Despite growing environmental awareness and the efforts of a variety of Non-Governmental Organisations (NGOs) to influence the wildlife protection policy agenda, wildlife laws remain outside the remit of mainstream criminal justice. Adopting a green criminological perspective, this article considers wildlife crime in respect of threats to UK marine wildlife. It examines the UK’s legal and enforcement framework and the scope and nature of both marine wildlife crime and harms to marine wildlife. Its core question is to consider the extent to which the UK’s wildlife law approach provides for effective wildlife protection and is adequate to deal with the threats facing marine wildlife.
The research is a mixed methods study that considers the relevant law, case law and reporting of wildlife crimes as well as the enforcement approach to marine wildlife crime.
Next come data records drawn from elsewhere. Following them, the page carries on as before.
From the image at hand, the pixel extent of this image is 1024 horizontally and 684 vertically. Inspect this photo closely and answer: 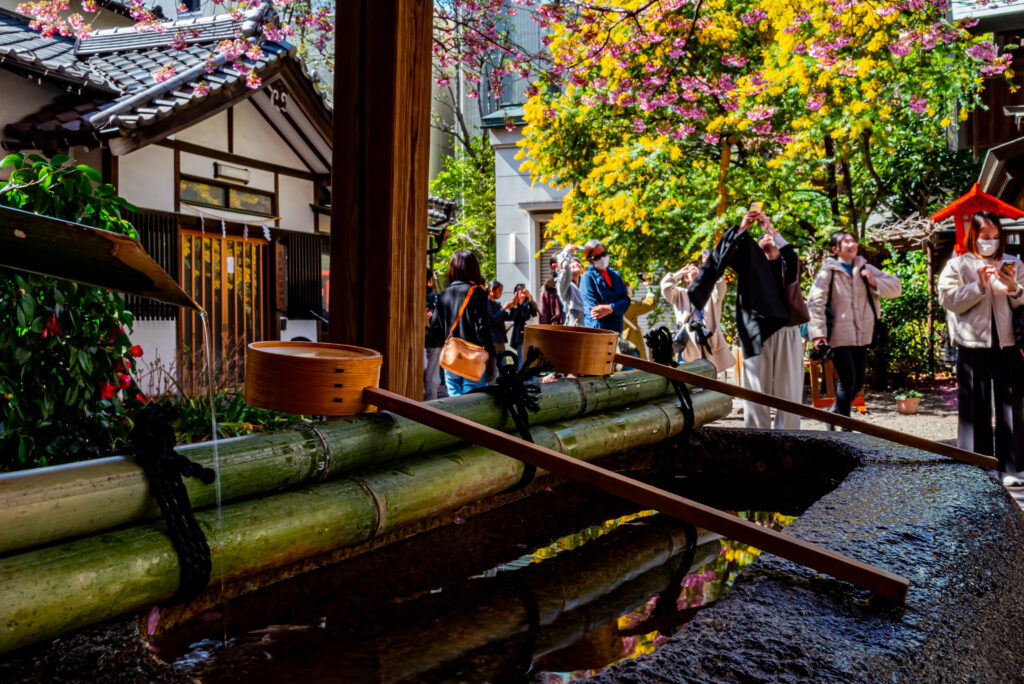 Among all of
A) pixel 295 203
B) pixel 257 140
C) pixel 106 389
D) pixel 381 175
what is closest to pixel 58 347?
pixel 106 389

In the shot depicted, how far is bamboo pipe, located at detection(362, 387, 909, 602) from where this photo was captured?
1.32m

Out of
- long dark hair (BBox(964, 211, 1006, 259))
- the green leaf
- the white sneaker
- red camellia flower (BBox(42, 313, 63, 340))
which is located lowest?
the white sneaker

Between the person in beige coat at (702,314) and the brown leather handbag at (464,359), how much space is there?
218cm

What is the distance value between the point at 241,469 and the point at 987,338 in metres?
5.40

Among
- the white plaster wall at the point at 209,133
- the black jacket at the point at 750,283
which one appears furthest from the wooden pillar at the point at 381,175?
the white plaster wall at the point at 209,133

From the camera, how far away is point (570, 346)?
2793 millimetres

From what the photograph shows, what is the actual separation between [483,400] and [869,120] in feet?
27.5

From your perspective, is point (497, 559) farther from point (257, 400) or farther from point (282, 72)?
point (282, 72)

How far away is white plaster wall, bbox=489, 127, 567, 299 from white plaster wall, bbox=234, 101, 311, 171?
29.9 feet

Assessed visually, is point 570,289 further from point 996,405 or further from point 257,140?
point 257,140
The article’s methodological approach is socio-legal in nature commencing with a review of the relevant literature on threats to marine wildlife and incorporating analysis of the current law and case law available via the legal databases BAILII and Westlaw. The study also conducted an analysis of licences for disturbance of marine wildlife via an examination of the open access case management database managed by the Marine Management Organisation (MMO) the main enforcement body for marine wildlife incidents in the UK.
The research identifies that while in principle the UK has robust legal protection for marine wildlife, in practice, policy allows exploitation and disturbance of marine wildlife that causes harm to individual animals and is detrimental to efforts to conserve marine wildlife and marine ecosystems.
This research concludes that in the UK, potentially strong legislation existing on paper is arguably not backed by an effective enforcement regime. The remote nature of marine wildlife incidents, competition between marine wildlife and leisure and commercial activities and the very wording of legislation all create enforcement challenges. This article argues for marine wildlife crime to be integrated into mainstream crime policy linked to other forms of offending and criminal justice policy, rather than being largely seen as a purely environmental issue and a ‘fringe’ area of policing.